> Task requirements: The following data needs to be repeated exactly, with all images excluded.

[Web page caption snippets]
———

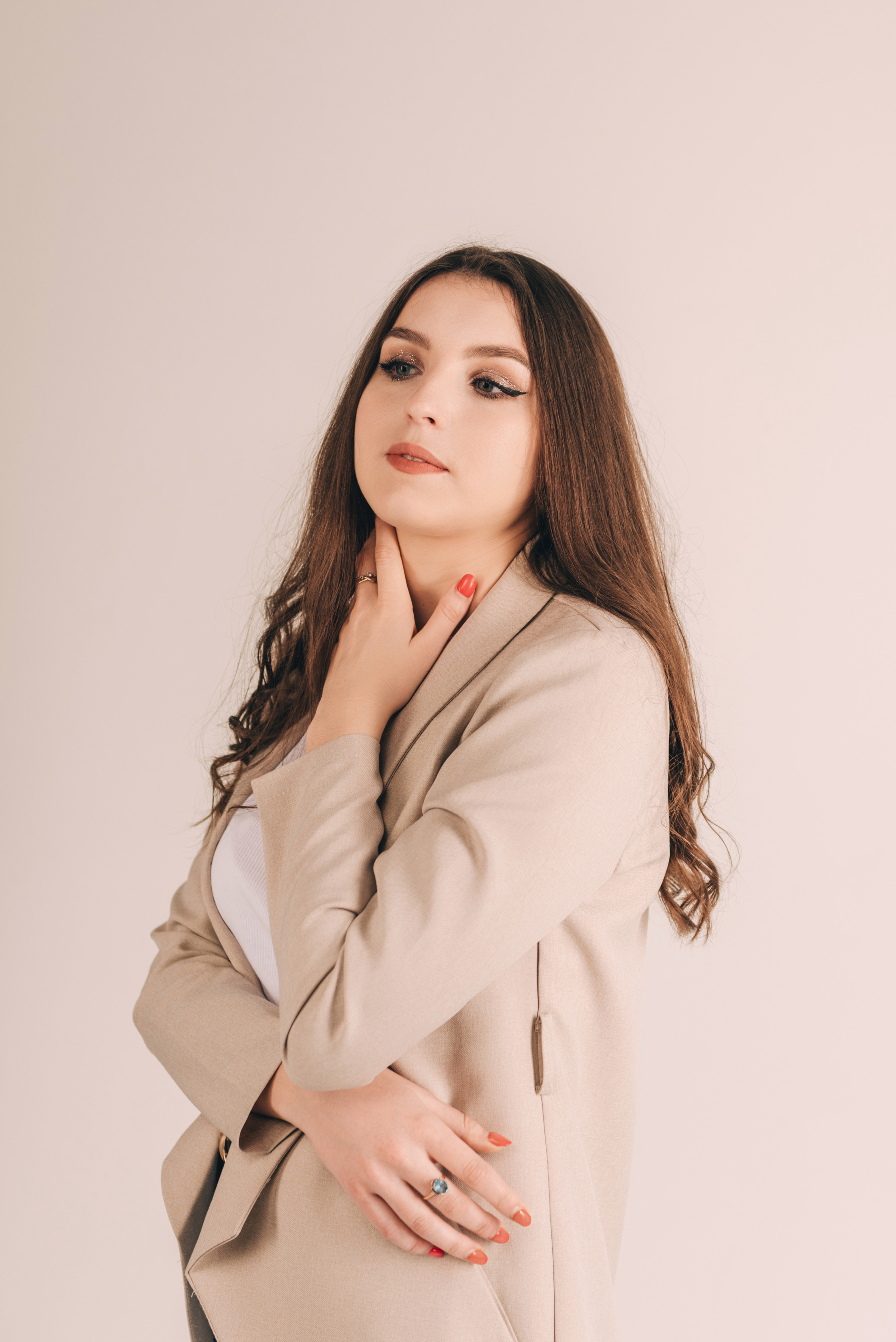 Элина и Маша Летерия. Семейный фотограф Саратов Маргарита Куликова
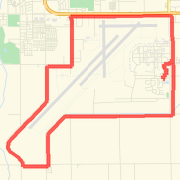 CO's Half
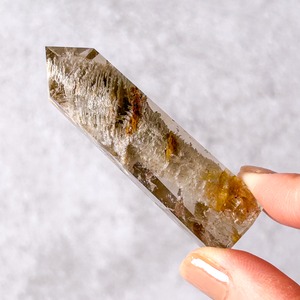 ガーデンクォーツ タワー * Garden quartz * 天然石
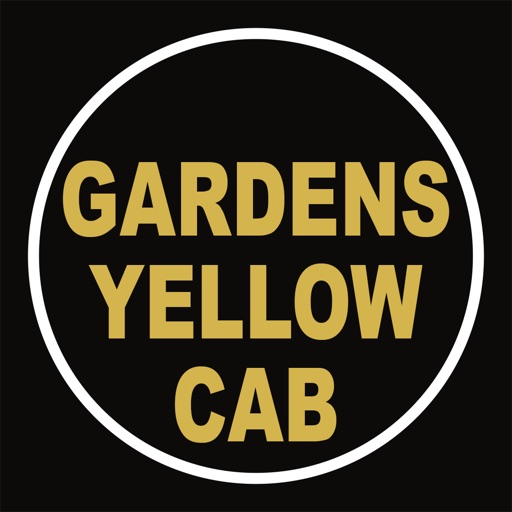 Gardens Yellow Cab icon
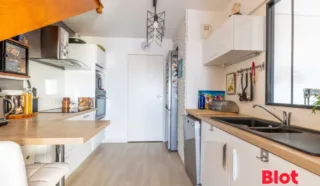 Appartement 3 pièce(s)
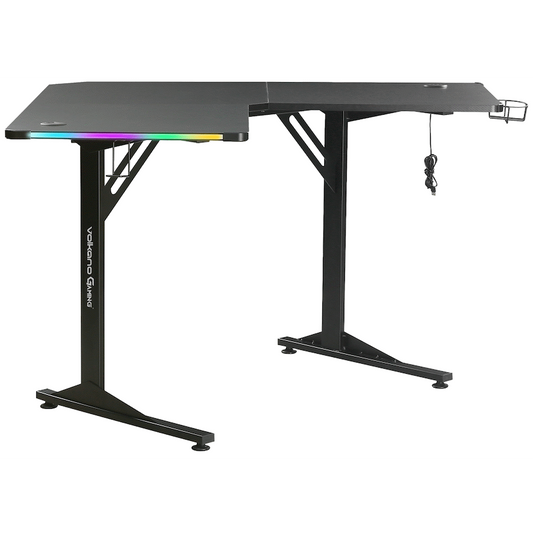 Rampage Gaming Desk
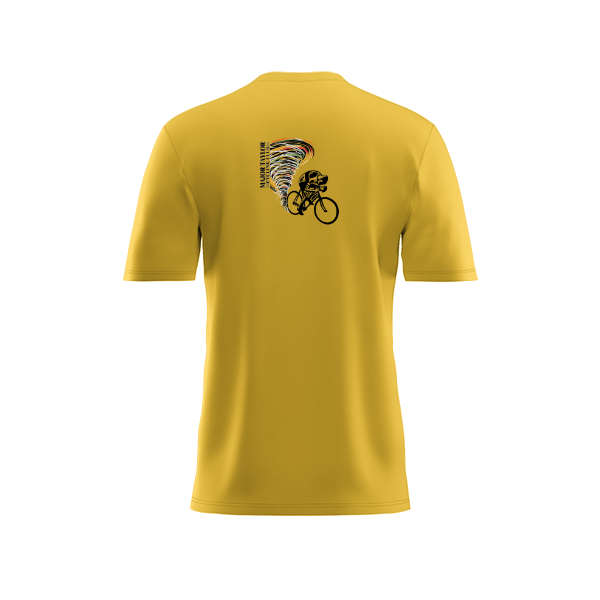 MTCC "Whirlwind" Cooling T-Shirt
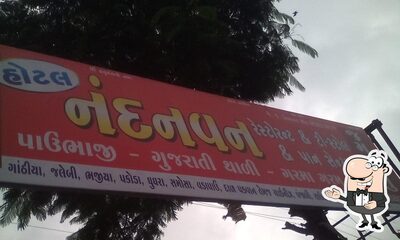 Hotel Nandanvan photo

———

> Result of this exercise:
 Элина и Маша Летерия. Семейный фотограф Саратов Маргарита Куликова
 CO's Half
 ガーデンクォーツ タワー * Garden quartz * 天然石
 Gardens Yellow Cab icon
 Appartement 3 pièce(s)
 Rampage Gaming Desk
 MTCC "Whirlwind" Cooling T-Shirt
 Hotel Nandanvan photo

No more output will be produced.